If the date of 1436 is upheld then the historical time line is as follows;
1) Byzantine monk Maximus Planudes finds a Greek copy of “Geographia” in 1295 and since no maps were attached to the text, he drew (or had drawn) the maps based upon the 8000+ co-ordinates that make up the “Geographia”.
2) In 1397 a copy of the text was given to Palla Strozzi in Florence, by Emanuel Chrysoloras.
3) In c1407, Jacopo Angelus di Scarparia completes the translation into Latin of the Greek text of the ‘Geographia’. This translation had been commenced by Emanuel Chrysoloras.
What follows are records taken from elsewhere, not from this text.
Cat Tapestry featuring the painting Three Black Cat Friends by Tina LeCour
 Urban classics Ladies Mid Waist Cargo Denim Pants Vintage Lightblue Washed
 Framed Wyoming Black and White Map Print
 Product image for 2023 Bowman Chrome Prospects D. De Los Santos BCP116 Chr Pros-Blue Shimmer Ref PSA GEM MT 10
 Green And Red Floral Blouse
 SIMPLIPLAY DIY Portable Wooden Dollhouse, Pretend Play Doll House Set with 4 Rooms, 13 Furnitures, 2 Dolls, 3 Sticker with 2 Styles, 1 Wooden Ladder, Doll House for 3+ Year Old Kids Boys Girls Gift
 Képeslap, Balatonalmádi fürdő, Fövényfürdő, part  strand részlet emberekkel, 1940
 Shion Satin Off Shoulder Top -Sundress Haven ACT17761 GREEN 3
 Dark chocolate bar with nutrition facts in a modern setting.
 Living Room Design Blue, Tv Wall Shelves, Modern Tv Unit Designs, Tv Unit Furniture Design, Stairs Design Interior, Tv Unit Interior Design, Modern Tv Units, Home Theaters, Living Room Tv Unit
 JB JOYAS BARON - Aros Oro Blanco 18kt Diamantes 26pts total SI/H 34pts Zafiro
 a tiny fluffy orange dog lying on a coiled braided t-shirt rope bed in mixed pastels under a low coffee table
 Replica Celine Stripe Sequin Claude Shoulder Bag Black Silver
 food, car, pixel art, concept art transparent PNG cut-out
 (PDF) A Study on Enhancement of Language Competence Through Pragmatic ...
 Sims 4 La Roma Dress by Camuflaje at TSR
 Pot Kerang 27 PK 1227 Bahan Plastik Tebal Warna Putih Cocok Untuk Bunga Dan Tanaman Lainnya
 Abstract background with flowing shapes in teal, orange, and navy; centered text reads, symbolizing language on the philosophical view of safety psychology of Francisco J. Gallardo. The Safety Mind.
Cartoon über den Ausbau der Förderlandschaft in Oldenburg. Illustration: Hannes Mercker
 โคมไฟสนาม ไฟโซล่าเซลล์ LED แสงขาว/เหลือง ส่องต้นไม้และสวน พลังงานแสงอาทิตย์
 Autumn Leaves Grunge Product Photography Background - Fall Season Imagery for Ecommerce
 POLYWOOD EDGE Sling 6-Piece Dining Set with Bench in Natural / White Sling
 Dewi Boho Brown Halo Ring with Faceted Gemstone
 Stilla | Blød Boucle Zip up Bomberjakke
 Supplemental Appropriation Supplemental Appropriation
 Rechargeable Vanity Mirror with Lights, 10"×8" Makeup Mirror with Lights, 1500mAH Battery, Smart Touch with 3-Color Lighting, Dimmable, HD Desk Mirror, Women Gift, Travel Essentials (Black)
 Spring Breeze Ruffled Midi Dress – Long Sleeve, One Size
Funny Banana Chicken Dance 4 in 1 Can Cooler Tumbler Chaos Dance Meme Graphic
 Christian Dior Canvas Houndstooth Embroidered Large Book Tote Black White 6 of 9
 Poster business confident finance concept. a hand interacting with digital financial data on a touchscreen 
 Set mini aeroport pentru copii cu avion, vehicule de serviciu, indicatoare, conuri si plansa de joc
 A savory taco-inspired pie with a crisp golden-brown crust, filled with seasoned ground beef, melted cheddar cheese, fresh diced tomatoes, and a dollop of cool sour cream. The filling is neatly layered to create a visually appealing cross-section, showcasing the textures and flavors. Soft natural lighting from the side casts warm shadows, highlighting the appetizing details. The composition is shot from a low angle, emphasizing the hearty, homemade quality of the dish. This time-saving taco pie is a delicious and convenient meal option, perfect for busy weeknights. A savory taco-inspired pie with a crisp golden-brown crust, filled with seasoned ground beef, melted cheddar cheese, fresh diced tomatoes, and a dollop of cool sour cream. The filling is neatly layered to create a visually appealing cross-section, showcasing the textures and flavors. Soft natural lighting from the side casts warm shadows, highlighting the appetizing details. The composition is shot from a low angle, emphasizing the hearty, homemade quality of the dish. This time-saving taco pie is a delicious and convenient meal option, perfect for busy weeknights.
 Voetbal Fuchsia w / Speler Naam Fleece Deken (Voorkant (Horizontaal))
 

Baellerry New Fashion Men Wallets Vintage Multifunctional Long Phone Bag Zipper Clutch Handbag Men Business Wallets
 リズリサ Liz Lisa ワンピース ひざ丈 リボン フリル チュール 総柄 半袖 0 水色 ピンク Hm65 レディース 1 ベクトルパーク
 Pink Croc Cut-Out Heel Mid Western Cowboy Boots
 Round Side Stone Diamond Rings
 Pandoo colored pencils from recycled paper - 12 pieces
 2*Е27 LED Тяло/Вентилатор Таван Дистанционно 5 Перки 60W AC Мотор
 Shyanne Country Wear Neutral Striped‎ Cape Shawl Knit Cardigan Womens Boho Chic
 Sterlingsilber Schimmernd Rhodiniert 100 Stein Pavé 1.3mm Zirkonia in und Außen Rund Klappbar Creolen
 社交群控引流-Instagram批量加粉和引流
4) Between 1410 and 1435 a cartographer or cartographers drew each map according to the co-ordinates within the text and completed a World map using the first projection. This is confirmed by the Pirus de Noha5 map of 1414 which is drawn as a copy of the Ptolemaic world map with Portolan pretentions in all probability at the Council of Constance where he worked for Cardinal Giordano Orsini6. Copies of the maps were first drawn probably by two Florentines, Francesco di Lappacino and Domenigo di Beninsigni7 must then have been distributed and one arrives in Venice.
5) In 1436, Andreas Biancho produces his “Atlante Nautico” which now includes a copy of the World Map drawn to a variation (proven here-in) of the first projection.
Thus it is quite open for all to assume that the first Latin copies of the ‘Geographia of Claudius Ptolemy’, circa 1407/1410, had maps appended, or were appended very soon after the original Latin copies were made if the dates of 1414 and of 1436 for the Andreas Biancho map are upheld.
But a caution must be appended here; in 1154 Al-Idrisi8 used a copy of “Geographia” by Claudius Ptolemy to carry out his exhaustive study of the oikoumene. The Island of Sicily was a multicultural multi linguistic society and the Benedictine Monks were well established there by King Roger II. They would have had direct access to all of the papers utilized and thus we should also countenance the possibility of earlier text and map availability.
CONCLUSION
The Ptolemaic map enclosed with the charts of Andreas Biancho is a probably a copy of a properly proportioned original, but by a cartographer who did not have the benefit of the text that is included in the ‘Geographia of Claudius Ptolemy’. Thus the “Klima” have been copied, being the left edge, and normal for a right-handed person to use, and the right edge or latitude scale has been ignored, or just missed. The fact that there are brackets delineating the pairs of Klima measurements denotes a deliberate rejection of the latitudinal scales. The subtlety of the measurements has been lost with the lack of knowledge to use the Meroe latitude for the sub-Meroe and last arc measures. Thus we can opine that the maps of Claudius Ptolemy were probably drawn shortly after the text translation into Latin by 1409. But, that of course is if they do not pre-date the translation?
Notes
1 Ronald Edward Zupko, 1981, Italian Weights and Measures from the Middle Ages to the 19th century. American Philosophical Society, 1981, vol 145.
2 Marica Milanesi, 1996, A Forgotten Ptolemy: Harley Codex 3686 in the British Library. Imago Mundi, vol 48, 1996.
3 Web site text references, This site (see also text Ch/Ab/1, Andreas Biancho)
4 Mappamundi of Pirrus de Noha, taken from an early 15th C incipit by Pirrus de Noha of the De Cosmographia of Pomponius Mela. Now held in Biblioteca Apostolica Vaticana, Rome. (Archivio di san Pietro H. 31, fol. 8r).
5 Evelyn Edson, The World map 1300-1492. 2007, The John Hopkins University Press, Baltimore, USA. Pp120.
6 Kirsten A Seaver, Maps Myths and Men, the Story of the Vinland Map, 2004, Stanford University Press, p223.
7 The text and discussions regarding Al-Idrisi can be found at On the carto-geographical page referenced as texts cg/Id/1, cg/Id/2, cg/Id/3 and cg/Id/4.